One of these companies now stands to win at least $16 billion in Navy contracts to build 20 (or more) frigates at a cost of $800 million (or more) each. And the competition is heating up.

FREMM-class frigate at sea
FREMM-class frigate at sea

The FREMM frigate by Italy's Fincantieri is one leading contender to become America's next U.S. Navy frigate. Image source: Fincantieri.

RFP drops

Last week, the Navy issued its final Request For Proposals (RFP) to the remaining candidates. Each will now submit a bid to build the new frigate -- and unlike the Navy's current littoral combat ships, this frigate is going to be a beast.

The littoral combat ships that General Dynamics, Austal, Huntington, and Lockheed Martin have been building for the Navy, you see, have been criticized for lacking "teeth" -- specifically, offensive weaponry that would make them more than glorified Coast Guard cutters. FFG(X) by contrast, will come armed to the teeth.
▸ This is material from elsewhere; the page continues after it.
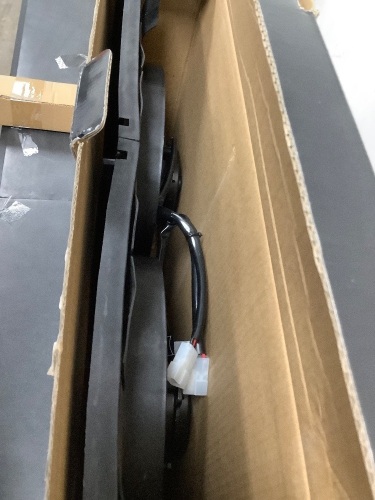 Radiator Cooling Fan for Unknown Vehicle - Lot 2696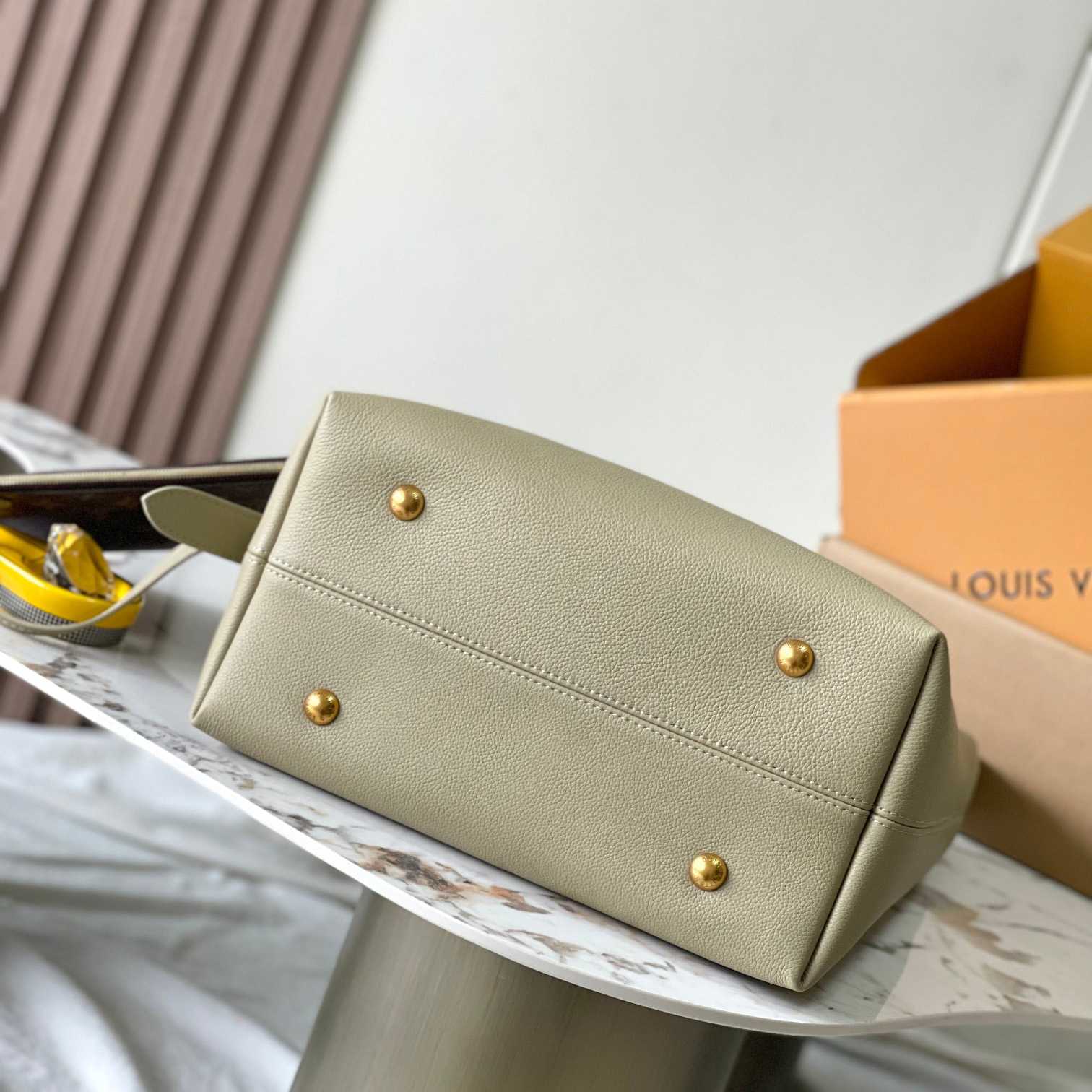 Louis Vuitton Low Key Hobo MM   M24988 - DopestKickz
5 elements to make a winning frigate

According to the RFP, the new frigate must sport five key elements that will permit it to punch above its weight at sea:

  • At least 32 Mark 41 vertical launch system cells to fire surface-to-air missiles for aerial defense.

  • Anywhere from eight to 16 over-the-horizon anti-ship cruise missiles for naval offense.

  • Lockheed's state-of-the-art, AEGIS-derived, COMBATSS-21 Combat Management System (see above) to tell the crew what to shoot those missiles at.

  • Space aboard to carry both an MH-60R Sikorsky Seahawk naval helicopter, and also a Northrop-built MQ-8C Fire Scout drone helicopter.

  • Room to install a 150-kilowatt laser.

That's right: This boat is going to have laser guns -- or at least the capability to support them as the Navy steps up the power of the laser cannons it's working on.